We also know that her last ex-husband, number eight Larry Fortensky, inherited about $800,000, but that is only because he told the Daily Mail that in an interview. There are also unverified reports that Taylor’s Trust left most of her assets to her children, grandchildren, and charities (including AIDS research foundations), but the document itself has never been made public.
Why so much secrecy? Wills are public record, and have to be filed with the probate court, which means that everyone can read them. Properly-funded revocable living trusts, however, operate outside the probate system and remain private. Even better, well-drafted trusts are much less costly to administer, usually without the need for court oversight.
We do know that Elizabeth Taylor’s estate included a great deal of wealth — estimated to be about one billion dollars! This number can’t be fully verified, but it is in line with prior estimates. In 1996, for example, when Taylor divorced Fortensky, her wealth was pegged at more than $600 million. The New York Post reported that, during the 90’s, Taylor earned about two dollars every second … adding up to a tidy $63 million per year.
The biggest reason for this financial success? Not her acting royalties and image rights, but her perfume. As the first celebrity to launch her own fragrance, in 1987, Taylor had a huge head start on the field, raking in a reported $100 million by 1991. Since then, the Liz Taylor collection of fragrances sold more than one billion dollars, worldwide.
And of course, who can forget about her jewelry? Most of her jewelry was auctioned by Christie’s in New York in December of 2011, bringing in more than $137 million.
What a great lesson in good estate planning! Liz lived through eight marriages, which produced four children, ten grandchildren, and four great-grandchildren. Despite assets in the billion-dollar range — a substantial portion of which earmarked for AIDS and other charities — no one has gone to court to fight over Elizabeth Taylor’s estate.
Compare that to the list of contentious celebrity estates that topped the news headlines in 2014 alone. Taylor obviously had better luck in choosing estate planning attorneys than she did husbands!

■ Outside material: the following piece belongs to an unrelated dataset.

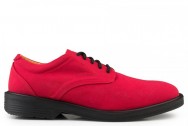 Eco Vegan Shoes London walker - Rood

Revocable living trusts are not just for the wealthy. They are for anyone who wants his or her heirs to avoid probate court — which is both expensive and stressful — and to decrease the chances of a family inheritance fight. Quality estate planning attorneys can usually prepare trusts for a modest amount, costing much less than the amount of legal fees and court costs an estate incurs when it passes through probate court.
Why not treat your heirs with the same gold standard as Elizabeth Taylor?